I realized recently that I’ve been thinking incorrectly about Twitter all along. I was taking it at face value, and that was a mistake. I assumed that since the site was ostensibly a place where everyone answered the question “What are you doing?” it was basically a glorified Facebook status update.

But then I downloaded Twhirl, broke my rule about not following anyone I don’t know or allowing them to follow me, added a few more people to my buddy list who use it much more than I do, and I came to understand that it’s not about what you are doing at all. It’s the new chat room.

It has a few advantages over old school chat rooms. It’s slower and more deliberate. It’s well-integrated with mobile devices via SMS. But most importantly, you don’t have to see anyone’s chat if they’re not on your buddy list. You only see the chat you want to.

That last part is pretty big actually. Anyone who has ever been in a chat room knows that at some number of participants they become entirely useless. That number can be as low as a few people, or as high as maybe a few dozen, depending on the location and subject matter, but it’s generally pretty small. The Onion even has a running feature called “Ask A Chat Room” that makes fun of it.

With Twitter, you control whose chat you see, so if your signal to noise ratio gets bad, you just remove some friends. If your chat room is out of control, it’s your fault and you can fix it. That’s a pretty significant difference.

There are a few problems though. For one, the 140 character limit is not a good thing. It seems like it is, because if there’s one thing almost anyone who writes anything (myself included) could use, it’s a little brevity. But the short limit makes it impossible to express a unique, coherent thought. That’s why despite following a lot more people, I rarely found anything of any serious value there. You can say “Facebook is never going to monetize. $15b is an absurd valuation.” But you can’t give any logic behind it. The best you can do is write it in a blog post, then link to it on Twitter, but what’s the point of that? Nobody wants links to blog posts being SMSed to me. If I cared, I’d already see it either in Google Reader or FriendFeed.

Of course, none of that matters when they shut down the reply feature, which is what elevates Twitter from status update to chat room in the first place, due to scalability problems. It’s unfathomable to me that they did that. It would be far better to just close signups than to change your site from one thing people enjoy into something else entirely. But I guess we’ve already established that the people running the show there are grossly incompetent, so this should come as no real surprise.

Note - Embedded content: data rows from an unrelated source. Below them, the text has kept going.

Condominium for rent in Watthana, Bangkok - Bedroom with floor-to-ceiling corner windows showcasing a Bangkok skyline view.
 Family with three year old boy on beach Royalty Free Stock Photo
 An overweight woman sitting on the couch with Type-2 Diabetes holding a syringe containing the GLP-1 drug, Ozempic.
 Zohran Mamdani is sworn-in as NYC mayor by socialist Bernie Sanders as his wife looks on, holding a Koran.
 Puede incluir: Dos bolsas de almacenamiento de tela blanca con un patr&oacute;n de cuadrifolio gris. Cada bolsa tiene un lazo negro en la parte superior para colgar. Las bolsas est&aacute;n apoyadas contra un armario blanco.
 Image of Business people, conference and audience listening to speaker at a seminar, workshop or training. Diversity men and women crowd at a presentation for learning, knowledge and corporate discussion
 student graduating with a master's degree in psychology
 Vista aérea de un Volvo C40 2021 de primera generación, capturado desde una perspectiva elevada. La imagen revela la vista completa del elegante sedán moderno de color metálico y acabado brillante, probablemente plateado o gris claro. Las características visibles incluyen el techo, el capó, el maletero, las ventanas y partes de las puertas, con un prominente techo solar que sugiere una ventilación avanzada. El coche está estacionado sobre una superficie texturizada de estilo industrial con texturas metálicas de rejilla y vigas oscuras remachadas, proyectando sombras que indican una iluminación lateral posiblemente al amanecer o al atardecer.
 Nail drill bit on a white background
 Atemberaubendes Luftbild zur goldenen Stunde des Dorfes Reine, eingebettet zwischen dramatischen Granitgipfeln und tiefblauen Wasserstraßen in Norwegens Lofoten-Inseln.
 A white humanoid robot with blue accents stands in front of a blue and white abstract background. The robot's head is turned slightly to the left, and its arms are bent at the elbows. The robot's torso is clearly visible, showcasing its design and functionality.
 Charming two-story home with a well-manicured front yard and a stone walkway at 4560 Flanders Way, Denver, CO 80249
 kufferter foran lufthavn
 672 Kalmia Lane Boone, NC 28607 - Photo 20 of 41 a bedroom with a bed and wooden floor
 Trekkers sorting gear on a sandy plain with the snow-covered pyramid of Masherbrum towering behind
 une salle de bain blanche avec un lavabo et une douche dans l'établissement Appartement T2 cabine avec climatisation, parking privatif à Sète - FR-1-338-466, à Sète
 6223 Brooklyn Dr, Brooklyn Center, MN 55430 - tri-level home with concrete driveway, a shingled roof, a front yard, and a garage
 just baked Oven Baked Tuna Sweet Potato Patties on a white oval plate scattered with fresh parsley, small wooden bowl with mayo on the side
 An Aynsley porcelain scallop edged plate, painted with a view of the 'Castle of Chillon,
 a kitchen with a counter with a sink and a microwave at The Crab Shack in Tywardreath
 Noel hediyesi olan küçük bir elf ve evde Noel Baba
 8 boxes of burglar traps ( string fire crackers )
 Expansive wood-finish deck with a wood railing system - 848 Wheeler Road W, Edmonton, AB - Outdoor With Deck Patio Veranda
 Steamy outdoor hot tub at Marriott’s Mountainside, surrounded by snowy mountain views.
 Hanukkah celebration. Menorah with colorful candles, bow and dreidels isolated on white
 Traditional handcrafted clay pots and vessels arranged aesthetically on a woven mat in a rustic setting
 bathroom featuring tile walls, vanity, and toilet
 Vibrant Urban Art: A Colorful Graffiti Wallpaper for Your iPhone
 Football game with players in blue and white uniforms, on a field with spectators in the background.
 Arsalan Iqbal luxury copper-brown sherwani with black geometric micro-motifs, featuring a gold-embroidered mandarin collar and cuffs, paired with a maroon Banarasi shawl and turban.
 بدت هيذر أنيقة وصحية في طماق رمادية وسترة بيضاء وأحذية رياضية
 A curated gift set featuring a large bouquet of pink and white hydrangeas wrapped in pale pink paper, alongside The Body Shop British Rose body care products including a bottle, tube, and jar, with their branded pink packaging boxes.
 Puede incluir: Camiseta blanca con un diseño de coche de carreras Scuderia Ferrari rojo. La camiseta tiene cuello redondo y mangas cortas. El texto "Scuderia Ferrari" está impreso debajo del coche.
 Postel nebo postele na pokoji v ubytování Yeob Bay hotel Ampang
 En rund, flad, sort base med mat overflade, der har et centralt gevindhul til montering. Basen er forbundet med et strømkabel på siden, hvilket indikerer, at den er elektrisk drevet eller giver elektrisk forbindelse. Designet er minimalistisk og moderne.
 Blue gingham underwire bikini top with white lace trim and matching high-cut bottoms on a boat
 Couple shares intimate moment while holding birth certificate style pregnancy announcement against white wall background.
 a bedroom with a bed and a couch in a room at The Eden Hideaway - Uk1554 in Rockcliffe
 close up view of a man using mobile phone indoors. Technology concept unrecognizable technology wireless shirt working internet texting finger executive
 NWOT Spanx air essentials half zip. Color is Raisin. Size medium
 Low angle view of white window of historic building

Even in status update mode, Twitter is still good for one other thing, breaking news. If you have SMS alerts on, only one person on your contact list has to know that George Carlin died and you will. So if any one of the 100 people you follow is watching CNN or surfing the news sites on the web, you’ll find out about it instantly.

But unless you’re a blogger that depends on “breaking” stories, this is of little value. It’s certainly of none to me. And once I realized what Twitter really is, I pretty much checked out.

I think there’s value there for certain types of people, don’t get me wrong. If you or your startup are trying to build a brand in the tech community, it’s pretty useful. Follow everyone who is anyone, and engage in conversations. People Twitter for much the same reason they blog: to converse with strangers, so they’re pretty open to it.

But beyond that, it’s just another time-sucking chat room. I’ve already got more demands on my time than supply, so I don’t see myself really getting too involved. That said, people sure do love new ways to sink their time, so maybe it will expand beyond the tech crowd. I’m still skeptical, but then given the grossly disproportionate amount of time they spend online they might not have to, assuming they can get their house in order. Which is probably not a safe assumption.